= Task statement =
Reproduce the entries below in full and without error.
----- Material supplied -----
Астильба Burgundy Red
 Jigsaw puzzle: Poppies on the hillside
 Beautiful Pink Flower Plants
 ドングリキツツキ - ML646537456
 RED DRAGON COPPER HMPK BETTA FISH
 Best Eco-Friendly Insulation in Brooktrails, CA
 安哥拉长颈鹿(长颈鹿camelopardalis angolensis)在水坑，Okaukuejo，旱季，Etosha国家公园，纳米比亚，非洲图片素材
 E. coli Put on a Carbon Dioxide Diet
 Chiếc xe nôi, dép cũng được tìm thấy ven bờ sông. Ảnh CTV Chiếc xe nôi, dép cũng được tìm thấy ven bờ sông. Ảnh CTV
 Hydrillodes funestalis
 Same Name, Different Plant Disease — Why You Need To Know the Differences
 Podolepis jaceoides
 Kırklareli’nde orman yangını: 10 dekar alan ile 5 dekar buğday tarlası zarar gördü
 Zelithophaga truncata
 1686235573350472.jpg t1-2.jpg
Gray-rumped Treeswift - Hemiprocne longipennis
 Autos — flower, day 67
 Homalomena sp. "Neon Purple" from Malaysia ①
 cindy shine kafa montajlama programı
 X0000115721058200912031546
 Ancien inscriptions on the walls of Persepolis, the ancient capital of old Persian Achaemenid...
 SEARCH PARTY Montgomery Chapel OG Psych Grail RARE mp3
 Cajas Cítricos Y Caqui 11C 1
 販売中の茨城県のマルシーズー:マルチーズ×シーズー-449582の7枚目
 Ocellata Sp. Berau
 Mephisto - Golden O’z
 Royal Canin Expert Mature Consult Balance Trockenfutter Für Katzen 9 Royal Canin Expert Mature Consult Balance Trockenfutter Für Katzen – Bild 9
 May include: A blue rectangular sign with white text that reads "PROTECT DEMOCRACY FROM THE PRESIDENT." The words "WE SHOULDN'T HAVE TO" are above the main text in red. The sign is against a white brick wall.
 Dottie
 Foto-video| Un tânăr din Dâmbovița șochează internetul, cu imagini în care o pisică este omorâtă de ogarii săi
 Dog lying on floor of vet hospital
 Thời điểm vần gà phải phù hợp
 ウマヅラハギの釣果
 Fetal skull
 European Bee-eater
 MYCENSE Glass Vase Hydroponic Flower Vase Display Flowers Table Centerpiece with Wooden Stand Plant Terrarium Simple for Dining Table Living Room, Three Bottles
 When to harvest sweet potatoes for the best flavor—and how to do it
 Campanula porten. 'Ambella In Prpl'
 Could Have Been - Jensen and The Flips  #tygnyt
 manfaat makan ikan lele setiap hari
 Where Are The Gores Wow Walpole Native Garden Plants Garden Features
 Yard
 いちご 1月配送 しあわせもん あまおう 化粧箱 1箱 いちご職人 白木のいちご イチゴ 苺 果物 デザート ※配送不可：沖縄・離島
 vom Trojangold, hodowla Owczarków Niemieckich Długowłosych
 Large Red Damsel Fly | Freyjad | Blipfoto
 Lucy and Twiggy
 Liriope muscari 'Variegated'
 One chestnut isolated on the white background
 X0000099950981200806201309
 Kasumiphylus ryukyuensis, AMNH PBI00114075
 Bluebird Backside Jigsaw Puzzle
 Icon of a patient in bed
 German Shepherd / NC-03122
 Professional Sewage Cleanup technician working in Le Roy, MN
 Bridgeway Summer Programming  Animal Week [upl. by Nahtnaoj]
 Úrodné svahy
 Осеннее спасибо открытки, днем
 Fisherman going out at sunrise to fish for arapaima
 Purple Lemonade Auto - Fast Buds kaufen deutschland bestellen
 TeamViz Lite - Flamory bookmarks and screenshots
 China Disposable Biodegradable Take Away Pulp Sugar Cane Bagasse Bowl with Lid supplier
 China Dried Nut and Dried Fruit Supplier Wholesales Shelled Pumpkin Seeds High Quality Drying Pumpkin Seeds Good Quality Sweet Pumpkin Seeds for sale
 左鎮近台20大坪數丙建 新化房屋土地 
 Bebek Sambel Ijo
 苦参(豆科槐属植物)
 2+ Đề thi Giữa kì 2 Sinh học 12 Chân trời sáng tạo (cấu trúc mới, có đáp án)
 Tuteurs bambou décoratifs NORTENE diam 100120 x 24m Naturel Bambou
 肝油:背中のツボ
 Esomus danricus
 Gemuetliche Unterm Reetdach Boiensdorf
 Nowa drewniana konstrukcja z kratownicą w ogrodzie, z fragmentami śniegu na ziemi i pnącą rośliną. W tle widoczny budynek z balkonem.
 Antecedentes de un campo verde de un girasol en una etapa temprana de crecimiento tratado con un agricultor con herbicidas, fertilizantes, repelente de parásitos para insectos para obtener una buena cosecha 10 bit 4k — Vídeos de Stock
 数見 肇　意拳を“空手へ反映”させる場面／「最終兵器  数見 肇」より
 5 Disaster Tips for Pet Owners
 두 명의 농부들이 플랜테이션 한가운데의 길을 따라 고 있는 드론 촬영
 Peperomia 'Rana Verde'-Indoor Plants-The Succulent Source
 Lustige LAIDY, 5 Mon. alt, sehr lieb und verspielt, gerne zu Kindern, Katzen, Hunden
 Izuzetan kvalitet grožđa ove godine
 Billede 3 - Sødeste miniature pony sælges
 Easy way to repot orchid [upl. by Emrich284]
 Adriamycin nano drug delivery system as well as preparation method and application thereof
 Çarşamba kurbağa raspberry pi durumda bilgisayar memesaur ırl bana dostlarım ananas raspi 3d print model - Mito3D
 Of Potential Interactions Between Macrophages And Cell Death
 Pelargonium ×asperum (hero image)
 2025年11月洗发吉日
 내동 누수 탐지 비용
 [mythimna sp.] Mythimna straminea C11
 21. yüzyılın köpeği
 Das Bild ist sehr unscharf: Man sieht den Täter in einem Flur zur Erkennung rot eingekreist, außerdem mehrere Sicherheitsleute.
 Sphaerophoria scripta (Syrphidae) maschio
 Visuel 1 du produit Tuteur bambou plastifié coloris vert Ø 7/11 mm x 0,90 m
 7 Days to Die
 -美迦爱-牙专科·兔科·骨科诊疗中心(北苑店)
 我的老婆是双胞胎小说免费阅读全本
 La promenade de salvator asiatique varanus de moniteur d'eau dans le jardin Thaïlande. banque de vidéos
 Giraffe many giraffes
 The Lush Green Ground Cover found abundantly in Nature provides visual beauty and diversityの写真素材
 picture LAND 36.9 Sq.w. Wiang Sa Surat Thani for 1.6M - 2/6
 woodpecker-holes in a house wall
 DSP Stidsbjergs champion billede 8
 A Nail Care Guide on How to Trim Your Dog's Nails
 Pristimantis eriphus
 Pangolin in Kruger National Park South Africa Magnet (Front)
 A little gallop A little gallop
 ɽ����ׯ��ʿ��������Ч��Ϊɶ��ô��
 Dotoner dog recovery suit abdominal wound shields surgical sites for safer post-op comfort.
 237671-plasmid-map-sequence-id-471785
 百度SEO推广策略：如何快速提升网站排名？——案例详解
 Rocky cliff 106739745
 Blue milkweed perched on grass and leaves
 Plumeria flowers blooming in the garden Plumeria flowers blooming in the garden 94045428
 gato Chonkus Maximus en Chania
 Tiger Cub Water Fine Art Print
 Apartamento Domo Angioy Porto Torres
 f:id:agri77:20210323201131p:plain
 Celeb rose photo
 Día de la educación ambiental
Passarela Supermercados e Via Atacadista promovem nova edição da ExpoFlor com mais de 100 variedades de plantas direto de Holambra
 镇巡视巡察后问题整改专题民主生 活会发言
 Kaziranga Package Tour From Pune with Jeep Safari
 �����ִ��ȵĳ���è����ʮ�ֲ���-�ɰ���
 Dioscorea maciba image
-----
= Answer area =
Астильба Burgundy Red
 Jigsaw puzzle: Poppies on the hillside
 Beautiful Pink Flower Plants
 ドングリキツツキ - ML646537456
 RED DRAGON COPPER HMPK BETTA FISH
 Best Eco-Friendly Insulation in Brooktrails, CA
 安哥拉长颈鹿(长颈鹿camelopardalis angolensis)在水坑，Okaukuejo，旱季，Etosha国家公园，纳米比亚，非洲图片素材
 E. coli Put on a Carbon Dioxide Diet
 Chiếc xe nôi, dép cũng được tìm thấy ven bờ sông. Ảnh CTV Chiếc xe nôi, dép cũng được tìm thấy ven bờ sông. Ảnh CTV
 Hydrillodes funestalis
 Same Name, Different Plant Disease — Why You Need To Know the Differences
 Podolepis jaceoides
 Kırklareli’nde orman yangını: 10 dekar alan ile 5 dekar buğday tarlası zarar gördü
 Zelithophaga truncata
 1686235573350472.jpg t1-2.jpg
Gray-rumped Treeswift - Hemiprocne longipennis
 Autos — flower, day 67
 Homalomena sp. "Neon Purple" from Malaysia ①
 cindy shine kafa montajlama programı
 X0000115721058200912031546
 Ancien inscriptions on the walls of Persepolis, the ancient capital of old Persian Achaemenid...
 SEARCH PARTY Montgomery Chapel OG Psych Grail RARE mp3
 Cajas Cítricos Y Caqui 11C 1
 販売中の茨城県のマルシーズー:マルチーズ×シーズー-449582の7枚目
 Ocellata Sp. Berau
 Mephisto - Golden O’z
 Royal Canin Expert Mature Consult Balance Trockenfutter Für Katzen 9 Royal Canin Expert Mature Consult Balance Trockenfutter Für Katzen – Bild 9
 May include: A blue rectangular sign with white text that reads "PROTECT DEMOCRACY FROM THE PRESIDENT." The words "WE SHOULDN'T HAVE TO" are above the main text in red. The sign is against a white brick wall.
 Dottie
 Foto-video| Un tânăr din Dâmbovița șochează internetul, cu imagini în care o pisică este omorâtă de ogarii săi
 Dog lying on floor of vet hospital
 Thời điểm vần gà phải phù hợp
 ウマヅラハギの釣果
 Fetal skull
 European Bee-eater
 MYCENSE Glass Vase Hydroponic Flower Vase Display Flowers Table Centerpiece with Wooden Stand Plant Terrarium Simple for Dining Table Living Room, Three Bottles
 When to harvest sweet potatoes for the best flavor—and how to do it
 Campanula porten. 'Ambella In Prpl'
 Could Have Been - Jensen and The Flips  #tygnyt
 manfaat makan ikan lele setiap hari
 Where Are The Gores Wow Walpole Native Garden Plants Garden Features
 Yard
 いちご 1月配送 しあわせもん あまおう 化粧箱 1箱 いちご職人 白木のいちご イチゴ 苺 果物 デザート ※配送不可：沖縄・離島
 vom Trojangold, hodowla Owczarków Niemieckich Długowłosych
 Large Red Damsel Fly | Freyjad | Blipfoto
 Lucy and Twiggy
 Liriope muscari 'Variegated'
 One chestnut isolated on the white background
 X0000099950981200806201309
 Kasumiphylus ryukyuensis, AMNH PBI00114075
 Bluebird Backside Jigsaw Puzzle
 Icon of a patient in bed
 German Shepherd / NC-03122
 Professional Sewage Cleanup technician working in Le Roy, MN
 Bridgeway Summer Programming  Animal Week [upl. by Nahtnaoj]
 Úrodné svahy
 Осеннее спасибо открытки, днем
 Fisherman going out at sunrise to fish for arapaima
 Purple Lemonade Auto - Fast Buds kaufen deutschland bestellen
 TeamViz Lite - Flamory bookmarks and screenshots
 China Disposable Biodegradable Take Away Pulp Sugar Cane Bagasse Bowl with Lid supplier
 China Dried Nut and Dried Fruit Supplier Wholesales Shelled Pumpkin Seeds High Quality Drying Pumpkin Seeds Good Quality Sweet Pumpkin Seeds for sale
 左鎮近台20大坪數丙建 新化房屋土地 
 Bebek Sambel Ijo
 苦参(豆科槐属植物)
 2+ Đề thi Giữa kì 2 Sinh học 12 Chân trời sáng tạo (cấu trúc mới, có đáp án)
 Tuteurs bambou décoratifs NORTENE diam 100120 x 24m Naturel Bambou
 肝油:背中のツボ
 Esomus danricus
 Gemuetliche Unterm Reetdach Boiensdorf
 Nowa drewniana konstrukcja z kratownicą w ogrodzie, z fragmentami śniegu na ziemi i pnącą rośliną. W tle widoczny budynek z balkonem.
 Antecedentes de un campo verde de un girasol en una etapa temprana de crecimiento tratado con un agricultor con herbicidas, fertilizantes, repelente de parásitos para insectos para obtener una buena cosecha 10 bit 4k — Vídeos de Stock
 数見 肇　意拳を“空手へ反映”させる場面／「最終兵器  数見 肇」より
 5 Disaster Tips for Pet Owners
 두 명의 농부들이 플랜테이션 한가운데의 길을 따라 고 있는 드론 촬영
 Peperomia 'Rana Verde'-Indoor Plants-The Succulent Source
 Lustige LAIDY, 5 Mon. alt, sehr lieb und verspielt, gerne zu Kindern, Katzen, Hunden
 Izuzetan kvalitet grožđa ove godine
 Billede 3 - Sødeste miniature pony sælges
 Easy way to repot orchid [upl. by Emrich284]
 Adriamycin nano drug delivery system as well as preparation method and application thereof
 Çarşamba kurbağa raspberry pi durumda bilgisayar memesaur ırl bana dostlarım ananas raspi 3d print model - Mito3D
 Of Potential Interactions Between Macrophages And Cell Death
 Pelargonium ×asperum (hero image)
 2025年11月洗发吉日
 내동 누수 탐지 비용
 [mythimna sp.] Mythimna straminea C11
 21. yüzyılın köpeği
 Das Bild ist sehr unscharf: Man sieht den Täter in einem Flur zur Erkennung rot eingekreist, außerdem mehrere Sicherheitsleute.
 Sphaerophoria scripta (Syrphidae) maschio
 Visuel 1 du produit Tuteur bambou plastifié coloris vert Ø 7/11 mm x 0,90 m
 7 Days to Die
 -美迦爱-牙专科·兔科·骨科诊疗中心(北苑店)
 我的老婆是双胞胎小说免费阅读全本
 La promenade de salvator asiatique varanus de moniteur d'eau dans le jardin Thaïlande. banque de vidéos
 Giraffe many giraffes
 The Lush Green Ground Cover found abundantly in Nature provides visual beauty and diversityの写真素材
 picture LAND 36.9 Sq.w. Wiang Sa Surat Thani for 1.6M - 2/6
 woodpecker-holes in a house wall
 DSP Stidsbjergs champion billede 8
 A Nail Care Guide on How to Trim Your Dog's Nails
 Pristimantis eriphus
 Pangolin in Kruger National Park South Africa Magnet (Front)
 A little gallop A little gallop
 ɽ����ׯ��ʿ��������Ч��Ϊɶ��ô��
 Dotoner dog recovery suit abdominal wound shields surgical sites for safer post-op comfort.
 237671-plasmid-map-sequence-id-471785
 百度SEO推广策略：如何快速提升网站排名？——案例详解
 Rocky cliff 106739745
 Blue milkweed perched on grass and leaves
 Plumeria flowers blooming in the garden Plumeria flowers blooming in the garden 94045428
 gato Chonkus Maximus en Chania
 Tiger Cub Water Fine Art Print
 Apartamento Domo Angioy Porto Torres
 f:id:agri77:20210323201131p:plain
 Celeb rose photo
 Día de la educación ambiental
Passarela Supermercados e Via Atacadista promovem nova edição da ExpoFlor com mais de 100 variedades de plantas direto de Holambra
 镇巡视巡察后问题整改专题民主生 活会发言
 Kaziranga Package Tour From Pune with Jeep Safari
 �����ִ��ȵĳ���è����ʮ�ֲ���-�ɰ���
 Dioscorea maciba image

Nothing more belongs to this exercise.